Primärenergiebedarf (PEB): Der gesamte Energiebedarf des Gebäudes inklusive Energieaufbringung.
Kohlendioxidemissionen (CO2): Die durch den Energiebedarf verursachten Emissionen.
Warmwasser-Wärmebedarf (WWWB): Energiebedarf für die Warmwasserbereitstellung.
Heizenergiebedarf (HEBSK): Berücksichtigt zusätzlich die Verluste der Haustechnik.
Endenergiebedarf (EEB): Der gesamte Energiebedarf inklusive Haushaltsstrom.
Bedeutung und Nutzen des Energieausweises
Der Energieausweis spielt eine wichtige Rolle bei der Transparenz auf dem Immobilienmarkt.

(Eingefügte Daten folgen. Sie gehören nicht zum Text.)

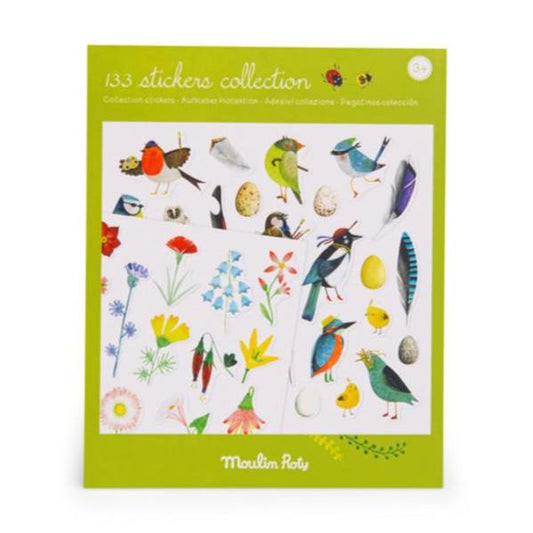 Sticker pack Moulin Roty - Birds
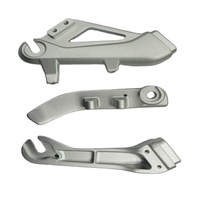 Tige de guidon en aluminium forgé de précision avec design incurvé classique, durable, haute résistance, légère pour VTT et vélo de route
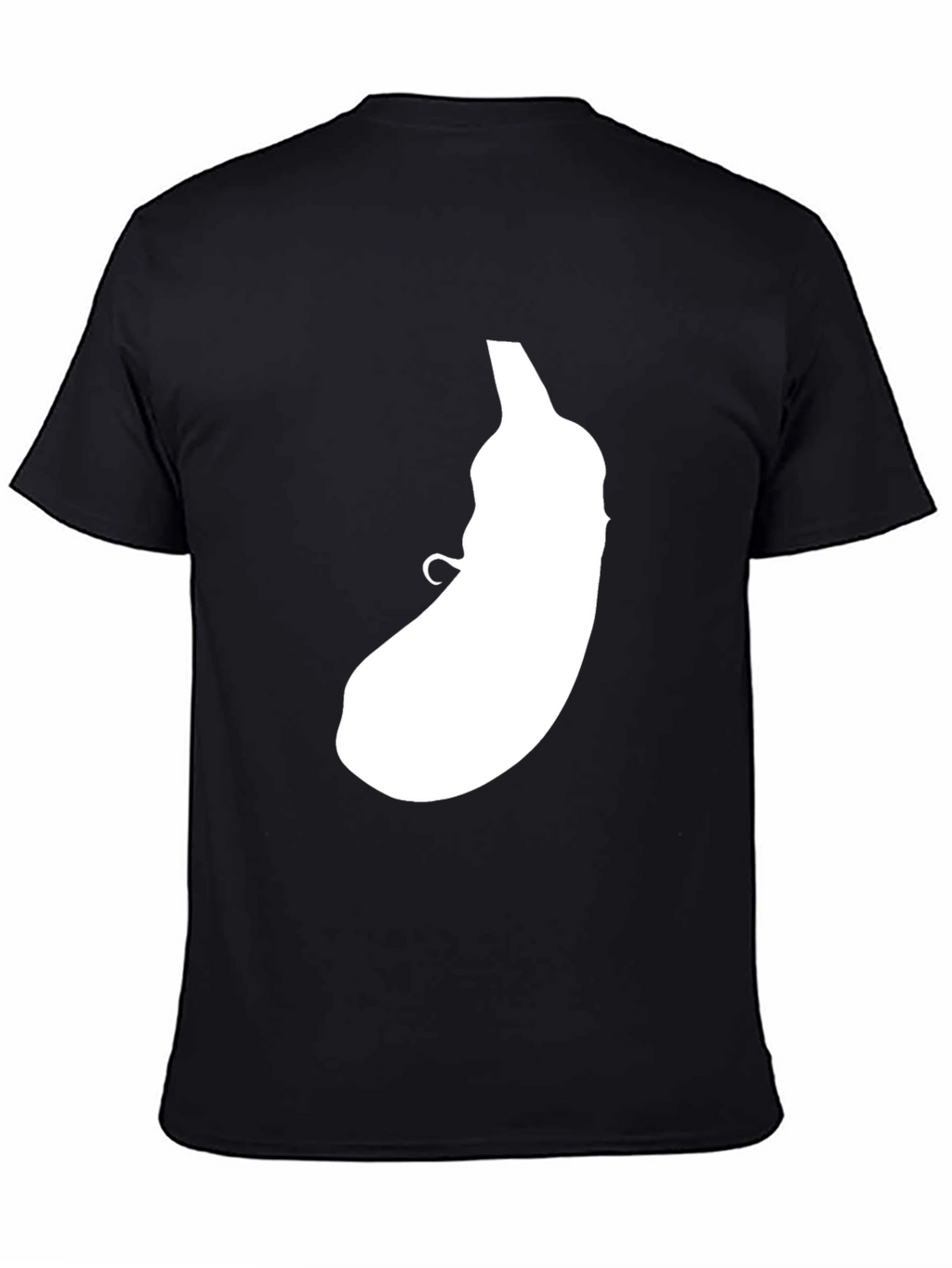 Eggplant Graphic Tee - Black Casual T-Shirt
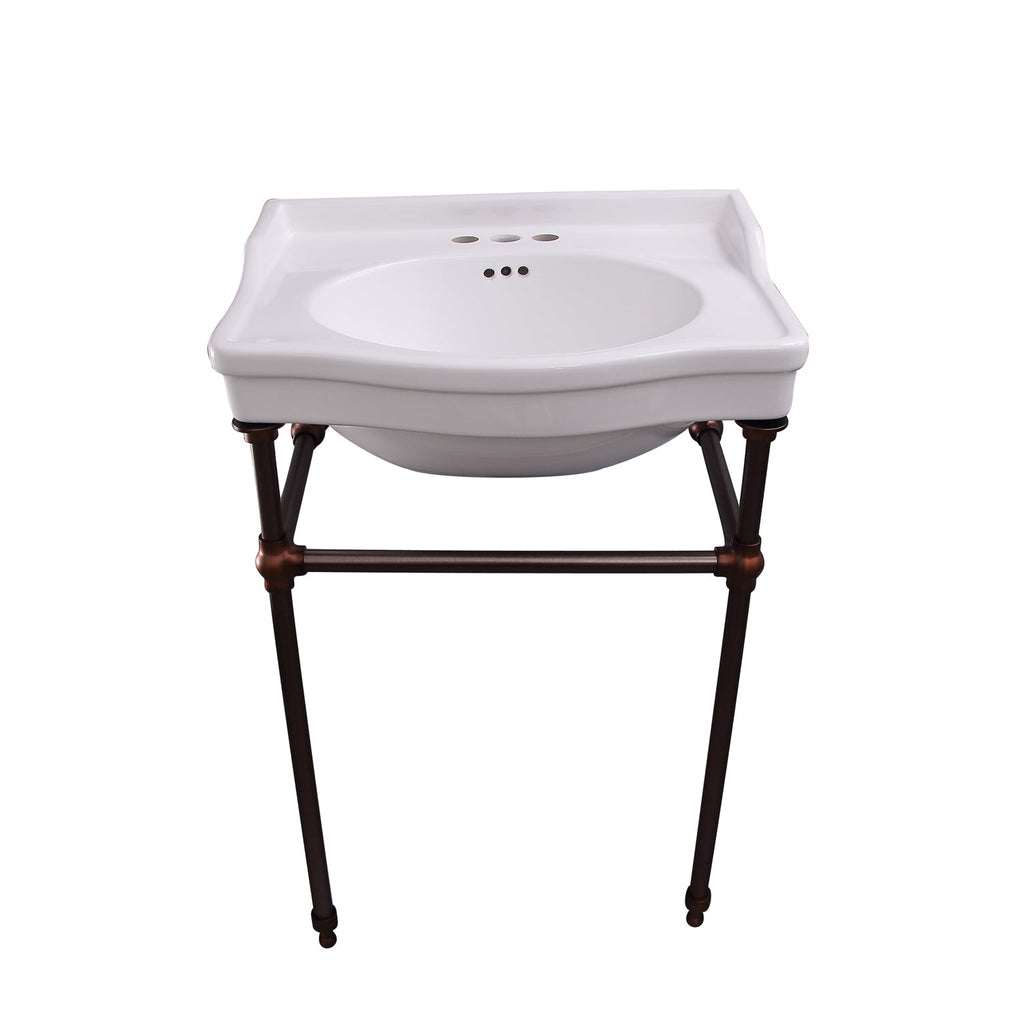 Barclay Cali — lavabo tipo consola — Centro 4" (centerset) / Bronce Aceitado
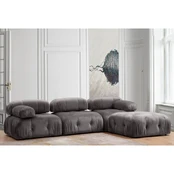Minkštas kampas Bubble Corner ( L1-O1-1R -Puf)-Grey Pilka kaina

Er bietet Käufer und Mieter folgende Vorteile:
Kosteneinschätzung: Der Energieausweis hilft, zukünftige Energiekosten besser einzuschätzen, was eine wichtige Entscheidungsgrundlage darstellt.
Vergleichbarkeit: Die einheitliche Darstellung der Energieeffizienz ermöglicht den Vergleich verschiedener Immobilien und erleichtert so die Auswahl.
Bewusstsein für Energieeffizienz: Der Energieausweis sensibilisiert Eigentümer:innen, Käufer:innen und Mieter:innen für das Thema Energieeffizienz und fördert damit Maßnahmen zur energetischen Sanierung.
Energieeffizienzklassen:
Der Schwerpunkt liegt auf der Darstellung des spezifischen Heizwärmebedarfs, des Primärenergiebedarfs, der CO2-Emissionen und des Gesamtenergieeffizienz-Faktors (unter Berücksichtigung des Standortklimas). Die erreichten Werte werden jeweils in Energieeffizienzklassen von A++ bis G eingeteilt, wobei G die niedrigste Effizienz darstellt.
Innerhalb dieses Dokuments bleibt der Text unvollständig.